Resto Hotel Tersertifikasi Halal 1,2 Persen, Ini Kata PHRI

SERAMBIMUSLIM.COM — Badan Pusat Statistik (BPS) mencatat pada awal 2024, hotel di Indonesia berjumlah 4.125 hotel. Sementara data Sihalal Badan Penyelenggara Jamian Produk Halal (BPJPH) mencatat baru 49 hotel yang telah mengantongi sertifikat halal.

Hal ini berarti baru 1,2 persen restoran hotel di Indonesia yang telah tersertifikasi halal pada Badan Penyelenggara Jamian Produk Halal (BPJPH) tahun 2024.

Merespons ini, Sekretaris Jenderal Perhimpunan Hotel dan Restoran Indonesia (PHRI), Maulana Yusran, mengungkapkan, kewajiban sertifikasi halal untuk resto hotel menjadi tantangan yang sangat berat bagi industri perhotelan.

Pasalnya, jumlah usaha perhotelan sangat banyak sementara ketersedian Lembaga Pemeriksa Halal (LPH) di Indonesia yang terbatas.

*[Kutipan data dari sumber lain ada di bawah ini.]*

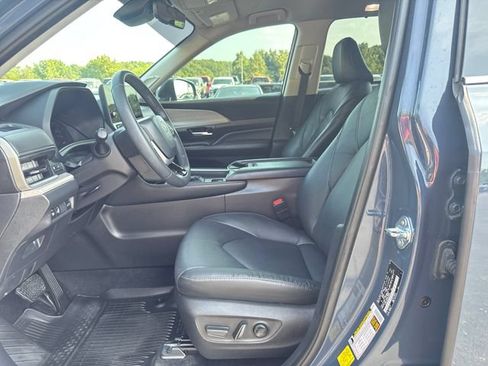 Used 2025 Toyota Grand Highlander FWD image 19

“Kalau bicara halal itu berkaitan dengan pemisahan halal dan haram serta hygiene. Awalnya, ini adalah extended services bagi perhotelan. Jumlah LPH yang ada, khususnya di wilayah luar, belum cukup untuk mengakomodir hotel-hotel di daerah. Dampaknya, biaya sertifikasi halal menjadi mahal karena auditor didatangkan dari Pulau Jawa,” ungkap Maulana dilansir dari laman MUI.

Maulana mengatakan, saat ini, baru Lembaga Pengkajian Pangan, Obat-obatan, dan Kosmetika (LPPOM) yang memiliki kantor perwakilan yang tersebar di seluruh wilayah Indonesia.

Sehingga dari 49 hotel yang telah mengantongi sertifikat halal, 48 diantaranya melakukan pemeriksaan kehalalan melalui LPH LPPOM karena melalui LPH pemeriksaan dapat dilakukan dengan cepat, terjangkau dan mudah.

Karena itu, lanjut Maulana, dibutuhkan sinergi antara Kementerian Agama, dalam hal ini BPJPH, dengan Majelis Ulama Indonesia (MUI) untuk mendorong kemudahan sertifikasi halal usaha sektor perhotelan.

Lebih lanjut ia mengatakan, tantangan lainnya adalah surveillance dan kebutuhan industri hotel untuk mengikuti tren yang ada. Menurut Maulana, di resto hotel ada kebutuhan mengubah menu dan nama sesuai dengan tren, sekalipun tanpa mengubah ingredient.

Hal ini dirasa berat, karena setiap perubahan perlu pengajuan pengembangan produk yang pada akhirnya akan menambah biaya.

“Adanya regulasi Jaminan Produk Halal ini menyisakan banyak masalah, karena biaya itu terus meningkat. Kita sedang mengusulkan revisi regulasi yang ada. Harus bisa dilihat, bagaimana melakukan sertifikasi halal dalam jumlah yang cukup besar, namun jangan sampai regulasi membuat dispute usaha itu sendiri,” tegasnya.

Untuk diketahui, Pemerintah menggencarkan Wajib Halal Oktober (WHO) 2024 sebagai upaya dalam mewujudkan Indonesia basis produksi industri halal global.

Kewajiban sertifikasi halal pada 17 Oktober 2024 akan dimulai untuk produk makanan, minuman, hasil sembelihan dan jasa penyembelihan, bahan baku, bahan tambahan pangan, dan bahan penolong untuk produk makanan dan minuman.